The Fortitudinous Man Endures for What He Loves
more hate can mean more endurance
One of the great errors of today’s sloganeering society is the demand we choose love or hate. Hate is when you don’t accept a person as they are, or something. Love is when you let the person by who they are, or something.
But love and hate are – to borrow another vogue word – binaries. They’re two sides of the same coin. Hate is a byproduct of love; it grows because of love. And, yes, violence can grow out of hate.
Jesus actually tells us plainly we must hate: “If any man comes to me, without hating his father and mother and wife and children and brethren and sisters, yes, and his own life too, he can be no disciple of mine” (Luke 14:26). Obviously, this is a rhetorical device, because scripture itself confirms these natural loves. St. Ambrose explains this verse in that very way, that submitting to the truth as revealed by nature means that we must submit ultimately to “the Author of nature, and depart not from God out of love for parents.”
In other words, we hate the things that threaten what we love and cherish. As Jesus says, where our treasure us there too is our heart, and wherever our treasure so too are our fists in defense of them.
I hate, therefore, the man that enters my house to do violence to my family.
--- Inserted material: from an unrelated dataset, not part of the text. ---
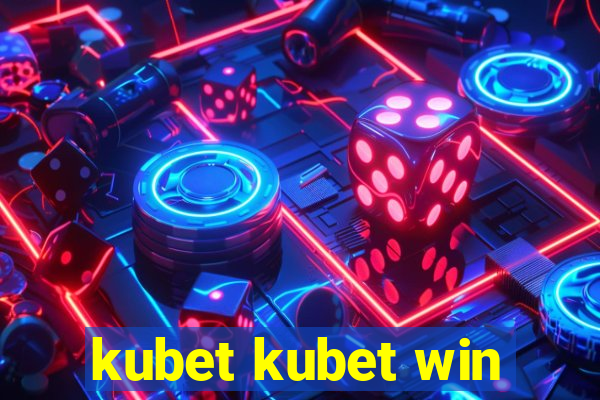 kubet kubet win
This is also why St. Thomas Aquinas lists hatred of God as a “daughter” of lust. Such hatred flows from lust because lust distorts love and pleasure into self-focus, instead of tempering it toward the common and individual good. God, by being the author of pleasure and thereby having the audacity to define its limits and direction (i.e. telling you that no, sodomy, masturbation, homosexuality, and fornication are not legitimate expressions of human sexuality) becomes the object of hate.
As an aside, the opposite of love is indifference. To have no fight in you is to have no love in you. The opposite of love is not a fist of anger, but a shrug and “whatever.” There’s no fight because there’s nothing worth fighting for. The question of disordered love, however, is a worthy one – whether we love the right things in the right ways.
Back to the coin of love/hate: There simply are things in life that cannot be loved at the same time – we must “hate the one and love the other,” as Jesus said (Matt. 6:24). And much of the time to discern what we really love we can discern what really gets our blood boiling. Does the thought of someone disrespecting you totally derail your inner peace? Losing money? Position?
A man sliding into pornography does not look to the crucifix on the wall as the website loads, because in that moment he hates the God who denies him what he will not deny himself. Later he may repent and hate that same website, but this reveals the insecurity and instability of his inner man and the need to mature in love, not merely grow in discipline.
In Fraternus, when we try to hone a virtue like fortitude, we are careful to note why we have fortitude. What brings it to life. If we lack the endurance to live a life of virtue, we must turn inward to see what is enthroned in our heart. If love animates our virtues, which it must to be Christian virtue, our endurance will not be for the sake of discipline itself, but for love. When our fortitude is lacking, we need to hate better. And to hate better, we need to beg God to increase our love for what is good, true, and beautiful – we need a greater love of God Himself. The fortitudinous man endures for what he loves. Find out what he loves and you’ll know why and what he’ll endure.
From Eusebius, quoted in The Catena Aurea:
For every man naturally dwells upon that which is the object of his desire, and thither he directs all his thoughts, where he supposes his whole interest to rest. If any one then has his whole mind and affections, which he calls the heart, set on things of this present life, he lives in earthly things. But if he has given his mind to heavenly things, there will his mind be; so that he seems with his body only to live with men, but with his mind to have already reached the heavenly mansion.
Catechism 2848: “Lead us not into temptation” implies a decision of the heart: “For where your treasure is, there will your heart be also. . . . No one can serve two masters.” “If we live by the Spirit, let us also walk by the Spirit.” In this assent to the Holy Spirit the Father gives us strength. “No testing has overtaken you that is not common to man. God is faithful, and he will not let you be tempted beyond your strength, but with the temptation will also provide the way of escape, so that you may be able to endure it.”